Spock raised an eyebrow, confused, although a small smile pulled at his lips. 


Well, that wasn’t what he had meant to say. Jim fought to contain his blush and shrugged, aiming for nonchalant as he backtracked. “You bring plenty to the table, I mean. If kids were an issue, I’m sure there are adoption channels you could go through, and I feel like you’d be good with kids. And you’re a certified genius in at least a dozen subjects, you’ve got a storied career in Starfleet, you’re good company…” He trailed off, shrugging again.

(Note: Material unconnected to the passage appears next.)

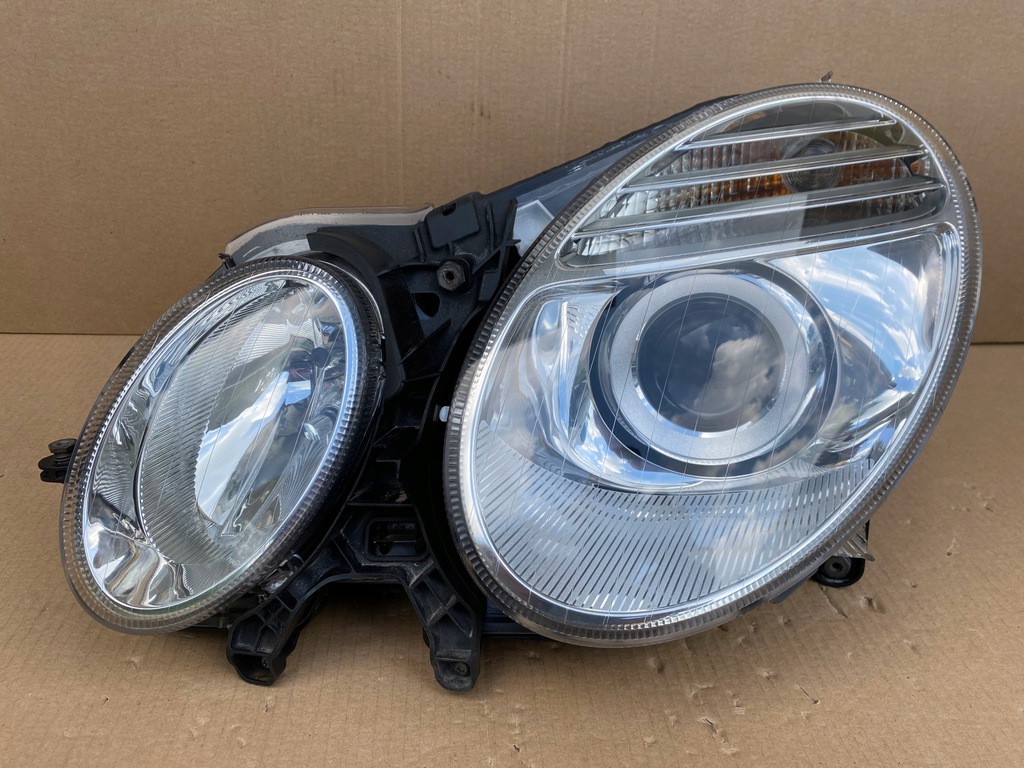  faro bi xénon torsional mercedes w211 lift hella eu (#)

There was silence for a few moments, and Jim was silently composing a list of reasons why he was an idiot when he noticed that the tips of Spock’s ears had started to change color in the dim light. Was Spock blushing?


“I appreciate your assessment of my...redeeming qualities,” Spock said eventually, some undefinable emotion slipping into his voice. “Regardless of my peers’ opinions, I do not seek a union with any of them—I am content in my position as your First Officer. While I do not look forward to tomorrow’s task, it is no great trial.”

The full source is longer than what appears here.